■ EXERCISE AIM: In the data below, find the line with "그림 2. IL-1에" and the line with "Umkehrerziehung im August", then restate both and every line between them exactly, minus the pictures.

■ RAW DATA:
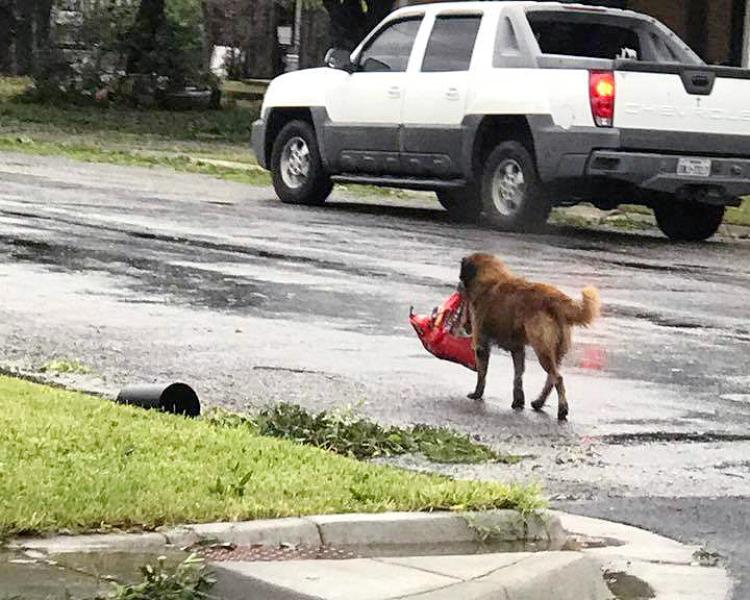 Dog Carrying Food Bag After Houston Flood Dog Carrying Food Bag After Houston Flood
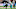 Miami Dolphins Miami Dolphins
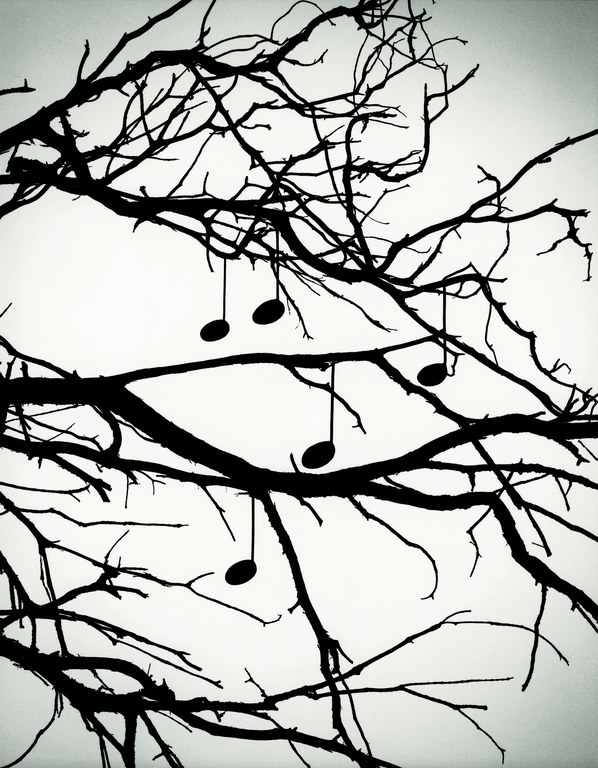 Sin titulo 2004 © Chema Madoz, VEGAP 2022.jpg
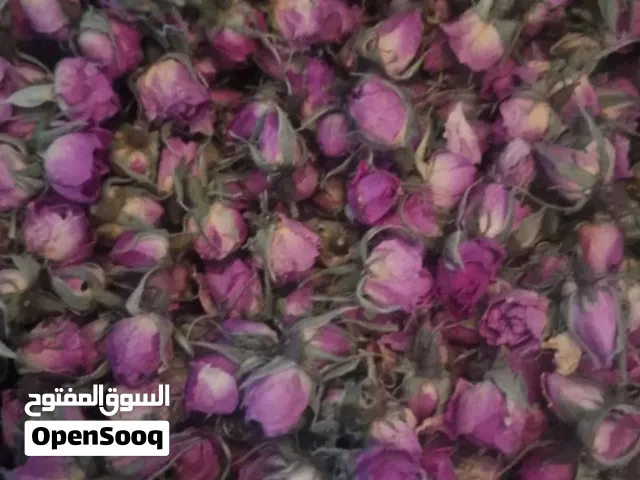 وردة من الدرجة الأولى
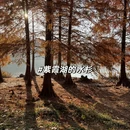 南京旅游 缩略图 14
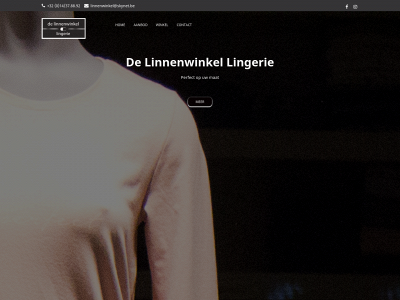 delinnenwinkel.net snapshot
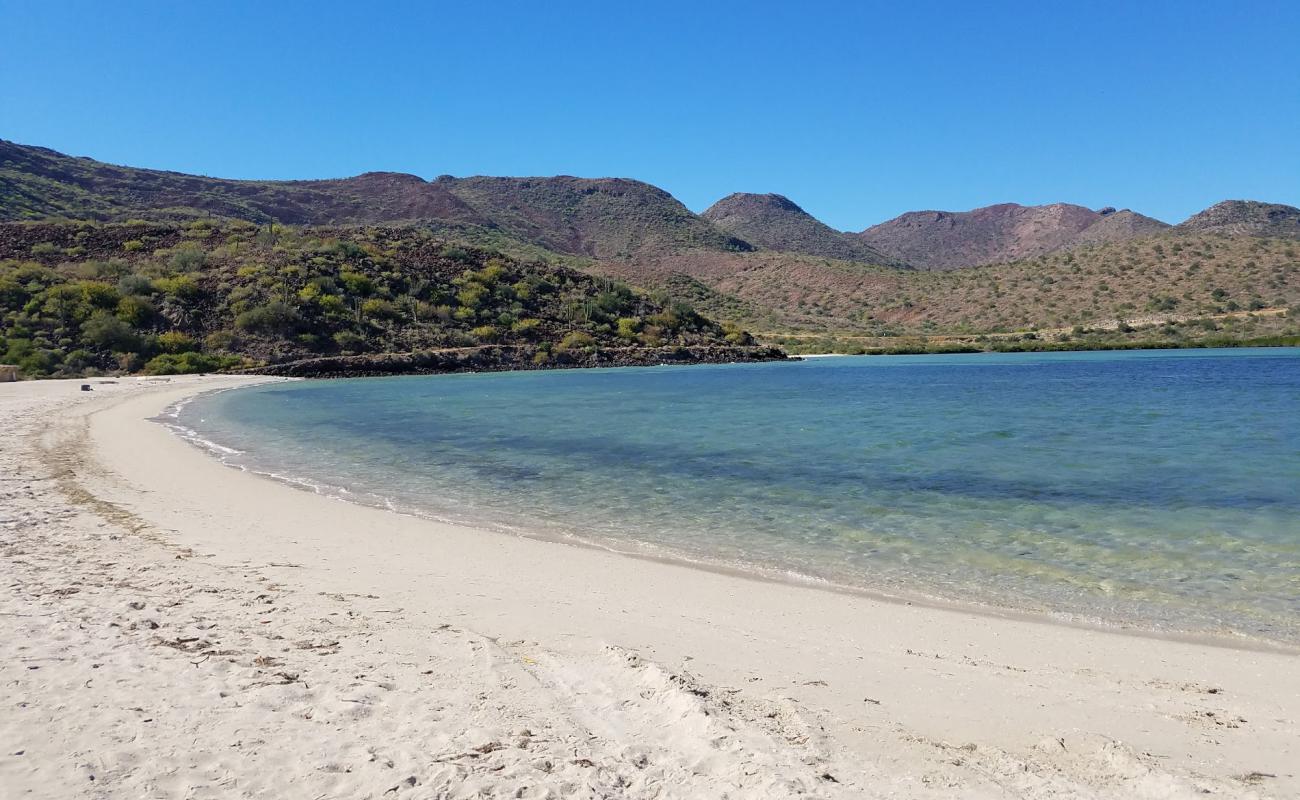 Foto de La playa de El Requesón con brillante arena fina superficie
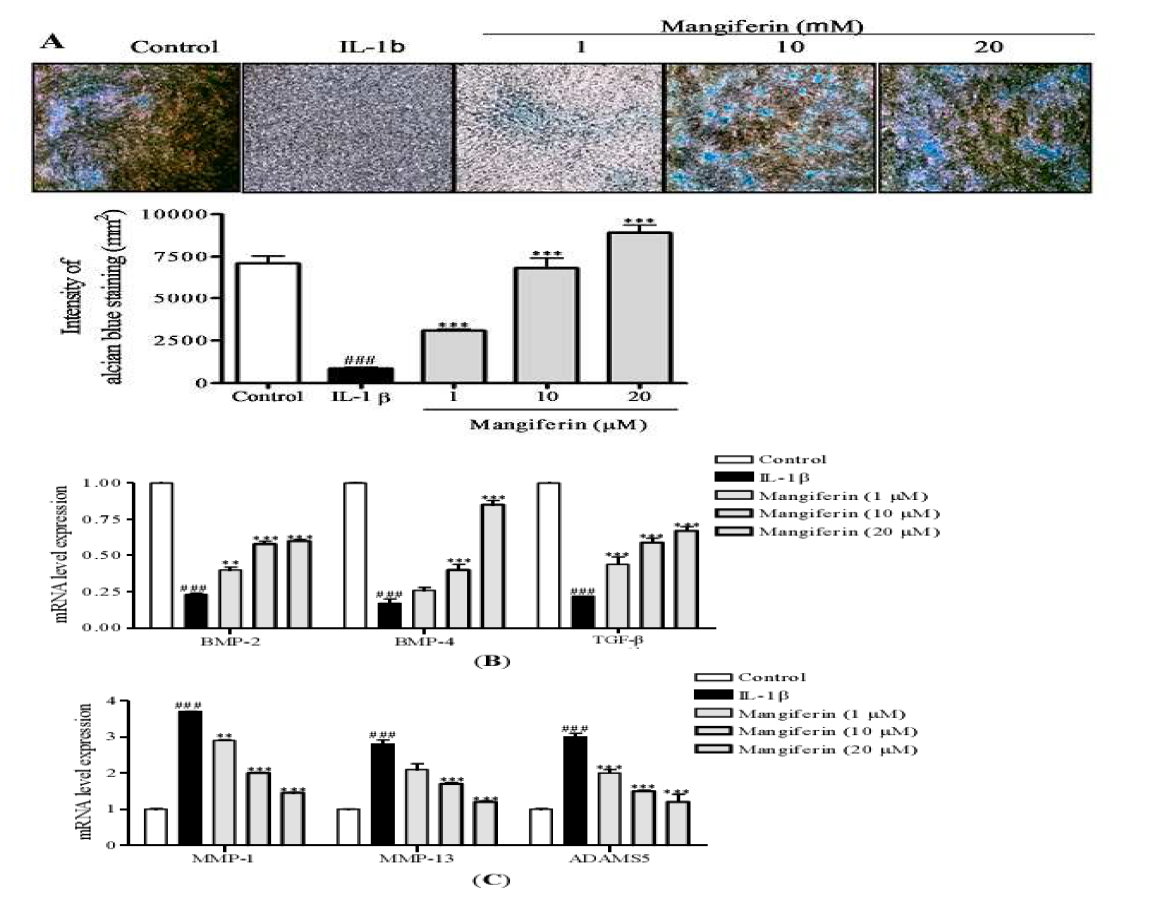 그림 2. IL-1에 의해 유도된 연골세포에서 mangiferin에 의한 연골형성관련 유전자 발현량 변화. Alcian blue 염색으로 mangiferin에의한 연골형성 회복 확인 (A), 관련 유전자 변화랼 측정 (B).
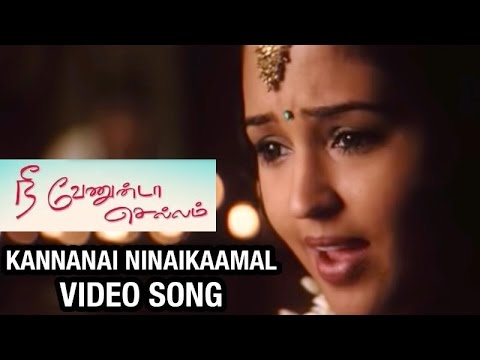 nee venunda chellam film song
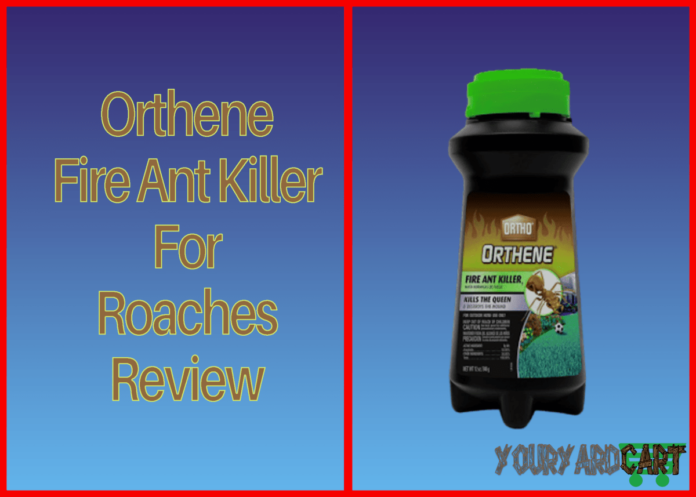orthene-fire-ant-killer-for-roaches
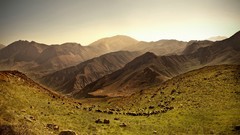 Landscapes Animals Mountains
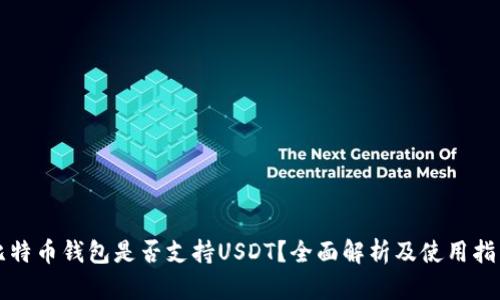 比特币钱包是否支持USDT？全面解析及使用指导
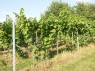 Umkehrerziehung im August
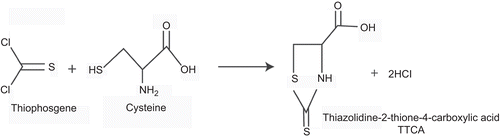 Figure 2.  Reactions of folpet and thiophosgene with cysteine, a representative thiol, producing the urinary metabolite TTCA.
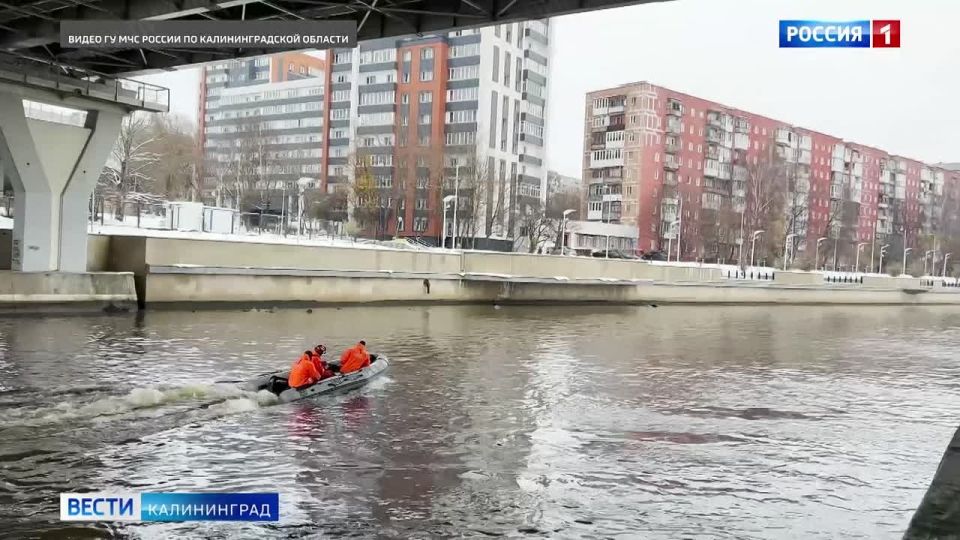 В Калининграде на серой глади Преголи появились «оранжевые пятна»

■ WRITTEN ANSWER:
 그림 2. IL-1에 의해 유도된 연골세포에서 mangiferin에 의한 연골형성관련 유전자 발현량 변화. Alcian blue 염색으로 mangiferin에의한 연골형성 회복 확인 (A), 관련 유전자 변화랼 측정 (B).
 nee venunda chellam film song
orthene-fire-ant-killer-for-roaches
 Landscapes Animals Mountains
 比特币钱包是否支持USDT？全面解析及使用指导
 Umkehrerziehung im August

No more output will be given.